Saturday, January 23, 2016

Dwindling shark population a blow to Sabah tourism


KOTA KINABALU: Prominent social activist Tan Sri Lee Lam Thye has called for a ban on shark hunting and finning activities in Sabah due to economic, sustainability and humane reasons.

He said the dwindling shark population was affecting the state’s tourism revenue as the shark population was estimated to have declined by 80 per cent over the past three decades.

“Sharks as predators at the top of the marine food pyramid, play a critical role in balancing the ocean ecosystem. It would be ecologically and economically damaging when sharks are removed from ocean ecosystems through overfishing or killing of sharks for their fins,” he said in a statement yesterday.

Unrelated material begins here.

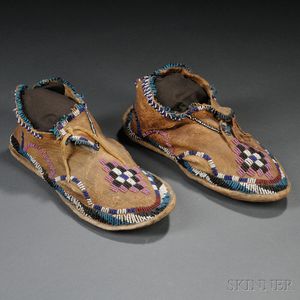 Pair of Apache Beaded Hide Youth's Moccasins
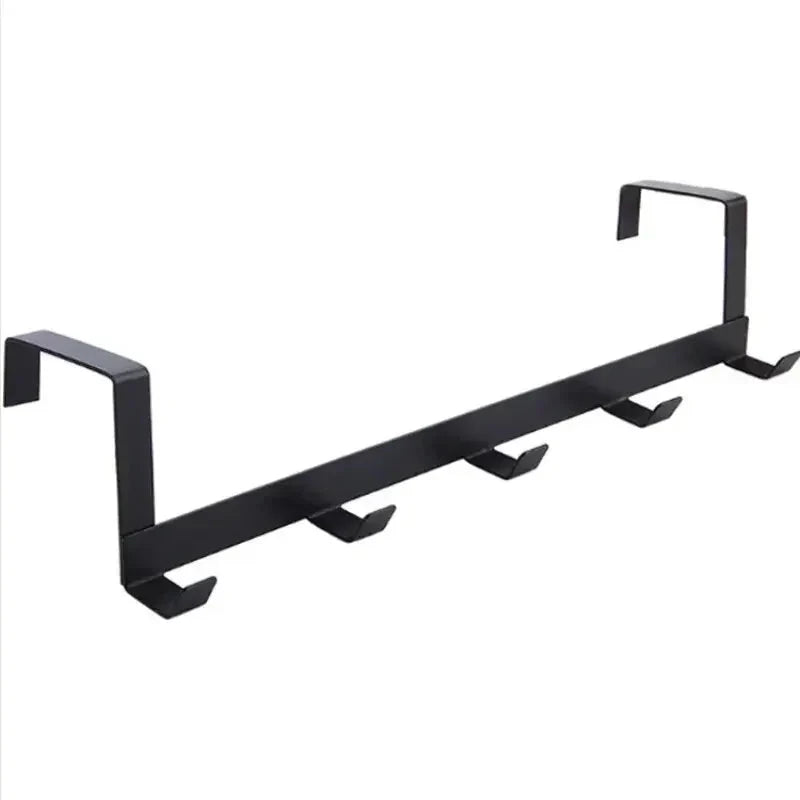 5-Hook Over Door Organizer Rack - Heavy Duty Iron Bathroom Kitchen Coat Hanger for Home Storage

According to marine and shark conservationists, the rare Borneo river shark and Roughnose stingray only found in Borneo waters could be on the verge of extinction. Sharks are also vulnerable to over-exploitation as their populations are slow to reproduce and may not recover once overfished.

According to Lee, sharks form a significant part of Sabah’s RM354 million dive industry.

He said each year, local and international tourists and divers go to islands in Sabah particularly Semporna to see the wonders of marine treasures including the rare and endangered sharks.

The Australian Institute of Marine Science, based on its study a few years ago, valued a single living shark in Sabah’s waters at US$815,000 in terms of tourism revenue to Sabah, compared with US$100 for its fins.

Besides the economic factor, Lee reckoned that the Government also had to consider the humane reason.

Finning involves the inhumane practice of hacking off the shark’s fins and throwing its still living body back into the sea. The sharks are either starved to death, eaten alive by other fish or drowned, he stressed.